Task instructions:
Please repeat exactly the lines below from the one containing "5th image of 37761 Aurora Ln" down to the one containing "#2018 3 Pc SWAROVSKI", both included, and nothing else.

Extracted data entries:
======
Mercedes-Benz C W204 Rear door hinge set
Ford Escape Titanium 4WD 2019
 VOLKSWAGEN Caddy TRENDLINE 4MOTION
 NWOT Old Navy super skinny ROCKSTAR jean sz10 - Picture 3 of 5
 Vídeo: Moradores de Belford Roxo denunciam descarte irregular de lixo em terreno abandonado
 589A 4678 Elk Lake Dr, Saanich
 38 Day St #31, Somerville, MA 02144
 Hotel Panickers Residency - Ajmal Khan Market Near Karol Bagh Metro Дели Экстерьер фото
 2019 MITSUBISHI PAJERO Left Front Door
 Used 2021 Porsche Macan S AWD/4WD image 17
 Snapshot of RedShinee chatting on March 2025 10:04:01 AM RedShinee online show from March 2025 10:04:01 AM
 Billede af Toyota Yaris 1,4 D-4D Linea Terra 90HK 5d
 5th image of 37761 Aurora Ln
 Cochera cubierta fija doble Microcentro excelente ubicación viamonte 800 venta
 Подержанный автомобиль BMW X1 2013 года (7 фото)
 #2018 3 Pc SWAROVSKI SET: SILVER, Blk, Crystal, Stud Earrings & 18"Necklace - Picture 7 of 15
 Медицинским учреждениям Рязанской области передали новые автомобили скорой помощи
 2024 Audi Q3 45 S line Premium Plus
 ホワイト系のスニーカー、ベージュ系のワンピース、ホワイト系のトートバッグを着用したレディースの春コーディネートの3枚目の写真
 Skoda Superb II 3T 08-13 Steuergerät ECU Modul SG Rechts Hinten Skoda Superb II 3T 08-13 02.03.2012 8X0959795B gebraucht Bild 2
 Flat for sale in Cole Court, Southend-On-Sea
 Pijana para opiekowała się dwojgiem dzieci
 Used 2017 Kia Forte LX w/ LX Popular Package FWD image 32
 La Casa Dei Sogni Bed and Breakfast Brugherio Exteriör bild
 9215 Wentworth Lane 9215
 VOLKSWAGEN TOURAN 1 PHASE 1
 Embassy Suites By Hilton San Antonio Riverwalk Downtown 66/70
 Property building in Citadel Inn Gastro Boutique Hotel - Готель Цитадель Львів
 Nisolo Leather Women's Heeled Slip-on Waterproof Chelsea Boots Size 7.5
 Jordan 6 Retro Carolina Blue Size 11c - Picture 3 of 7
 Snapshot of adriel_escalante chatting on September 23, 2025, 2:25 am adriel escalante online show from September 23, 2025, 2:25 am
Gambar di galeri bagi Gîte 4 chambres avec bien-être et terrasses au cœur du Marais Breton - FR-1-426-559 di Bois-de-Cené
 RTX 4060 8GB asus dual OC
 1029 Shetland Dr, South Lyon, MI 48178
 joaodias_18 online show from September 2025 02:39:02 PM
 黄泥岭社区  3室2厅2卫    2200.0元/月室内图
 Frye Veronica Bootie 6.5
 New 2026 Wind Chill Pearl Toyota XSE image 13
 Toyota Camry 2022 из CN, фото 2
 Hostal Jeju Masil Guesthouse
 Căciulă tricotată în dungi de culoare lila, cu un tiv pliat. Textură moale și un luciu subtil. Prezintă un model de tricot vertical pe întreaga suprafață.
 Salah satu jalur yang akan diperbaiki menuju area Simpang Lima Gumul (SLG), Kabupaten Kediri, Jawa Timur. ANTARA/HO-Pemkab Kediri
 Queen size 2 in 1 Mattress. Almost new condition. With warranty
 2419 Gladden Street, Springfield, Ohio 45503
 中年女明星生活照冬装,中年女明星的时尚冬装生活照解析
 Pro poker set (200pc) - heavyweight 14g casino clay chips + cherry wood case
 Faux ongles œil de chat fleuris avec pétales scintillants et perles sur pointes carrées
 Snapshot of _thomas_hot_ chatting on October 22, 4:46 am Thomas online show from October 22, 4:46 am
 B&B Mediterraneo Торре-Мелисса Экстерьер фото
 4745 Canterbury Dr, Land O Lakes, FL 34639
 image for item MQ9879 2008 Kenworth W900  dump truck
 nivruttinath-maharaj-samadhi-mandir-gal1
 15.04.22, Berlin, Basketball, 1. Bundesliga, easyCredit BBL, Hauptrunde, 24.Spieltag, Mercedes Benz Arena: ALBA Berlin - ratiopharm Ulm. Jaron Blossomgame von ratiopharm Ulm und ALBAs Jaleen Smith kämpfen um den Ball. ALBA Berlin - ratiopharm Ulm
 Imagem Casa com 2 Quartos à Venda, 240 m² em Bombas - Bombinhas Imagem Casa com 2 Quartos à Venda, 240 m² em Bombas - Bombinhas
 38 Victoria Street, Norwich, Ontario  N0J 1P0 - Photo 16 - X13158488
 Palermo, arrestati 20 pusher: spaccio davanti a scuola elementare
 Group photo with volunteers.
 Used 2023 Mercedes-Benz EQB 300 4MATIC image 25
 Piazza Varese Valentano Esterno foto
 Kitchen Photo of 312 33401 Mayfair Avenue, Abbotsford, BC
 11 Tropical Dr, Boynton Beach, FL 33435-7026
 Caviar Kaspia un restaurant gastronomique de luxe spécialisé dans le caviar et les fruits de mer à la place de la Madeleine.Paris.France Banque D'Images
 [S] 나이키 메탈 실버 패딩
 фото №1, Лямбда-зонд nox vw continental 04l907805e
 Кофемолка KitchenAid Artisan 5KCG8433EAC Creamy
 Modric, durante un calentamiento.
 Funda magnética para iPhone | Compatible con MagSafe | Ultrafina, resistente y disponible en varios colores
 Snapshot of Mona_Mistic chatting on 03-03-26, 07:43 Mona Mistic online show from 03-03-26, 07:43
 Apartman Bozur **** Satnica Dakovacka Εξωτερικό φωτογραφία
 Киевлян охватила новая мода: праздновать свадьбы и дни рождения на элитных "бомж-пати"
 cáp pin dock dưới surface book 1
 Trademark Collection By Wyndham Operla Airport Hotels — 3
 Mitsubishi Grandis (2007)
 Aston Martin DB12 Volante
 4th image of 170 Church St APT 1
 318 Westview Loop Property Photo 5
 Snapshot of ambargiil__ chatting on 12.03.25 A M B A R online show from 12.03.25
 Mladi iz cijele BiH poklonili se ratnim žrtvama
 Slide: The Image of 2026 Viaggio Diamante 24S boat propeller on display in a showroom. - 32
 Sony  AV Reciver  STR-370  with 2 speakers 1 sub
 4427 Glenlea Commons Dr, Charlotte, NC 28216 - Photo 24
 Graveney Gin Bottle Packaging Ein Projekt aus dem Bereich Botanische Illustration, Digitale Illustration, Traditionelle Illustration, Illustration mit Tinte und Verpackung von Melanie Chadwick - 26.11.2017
======
Exercise solution:
 5th image of 37761 Aurora Ln
 Cochera cubierta fija doble Microcentro excelente ubicación viamonte 800 venta
 Подержанный автомобиль BMW X1 2013 года (7 фото)
 #2018 3 Pc SWAROVSKI SET: SILVER, Blk, Crystal, Stud Earrings & 18"Necklace - Picture 7 of 15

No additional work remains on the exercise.